Iran and the US do not have diplomatic relations, and Britain played a key role in mediating the release of the two journalists.
As the representative of the Americans' closest ally in the coalition occupying Iraq, the British embassy in Tehran came under strong pressure to do intervene in the issue.
Behind the scenes, British diplomacy worked hard to resolve the case as quickly as possible - no easy task, with the American military under constant threat in Iraq, and with no love at all lost between Washington and Tehran.
Just over four months after their detainment, a statement from the British Embassy in Tehran and the Foreign and Commonwealth Office in London, said the Coalition had ordered the release of the two men, after US forces had completed their investigation and decided not to press charges.
The statement said it was "unfortunate that the two journalists had been caught up in the stringent security regime currently in place in Iraq".

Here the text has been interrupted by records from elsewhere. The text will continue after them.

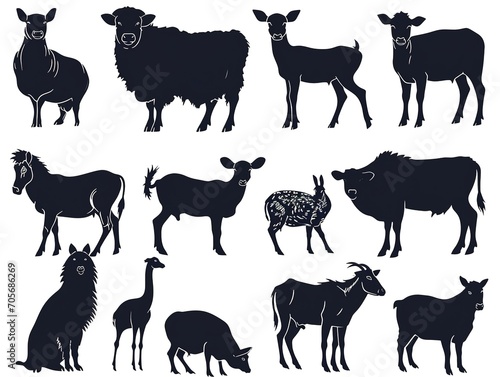 Farm animals and wildlife silhouettes - peaceful gathering of goats  birds and rabbits among nature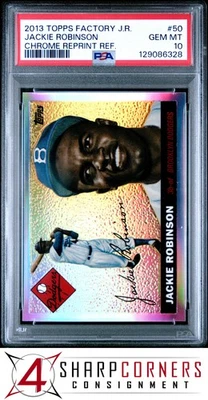 2013 TOPPS JACKIE ROBINSON CHROME REPRINT REFRACTOR #50 HOF PSA 10 - Image 1 of 3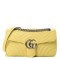 1GUCCI Calfskin Matelasse Small GG Marmont Shoulder Bag Pastel Yellow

"The UK has been in contact with the US and Iranian governments throughout their detention, and has intervened at a senior level to press for the investigation to be brought to an early conclusion," the statement said.
Saeed Abu Taleb is a well-known documentary maker
"After several fatal attacks on Coalition forces at checkpoints, the Coalition authorities could not afford to take any chances. But we are pleased that the issue has now been resolved and the men are now on their way home," it added.
Iranians will remain convinced that the two were held because of their nationality. But there will be relief and joy among their families over their eventual release.
For most of the past four months, their families have received virtually no news of the two and why they were being held.
Saeed Abu Taleb is a well-known documentary-maker working for Iranian state television, and Soheil Karimi was his cameraman.
Britain's role in helping to bring about their release may earn it some credit from the Iranian authorities - but there are plenty of other complications in this constantly sensitive relationship.
Recent remarks by Prime Minister Tony Blair, to the effect that the war in Iraq helped bring Iranian compliance on the nuclear issue, have ruffled feathers in Iran.
The case against a former Iranian diplomat, Hadi Soleimanpour, currently on bail in the UK after an extradition request from Argentina, has added to difficulties. Argentine authorities want to try him in connection with the bombing of a Jewish centre in Buenos Aires nine years ago.
More than 50 other Iranians remain in US military custody in Iraq. Many of them are believed to be would-be pilgrims who crossed the border illegally to visit Shia Muslim holy places in southern Iraq.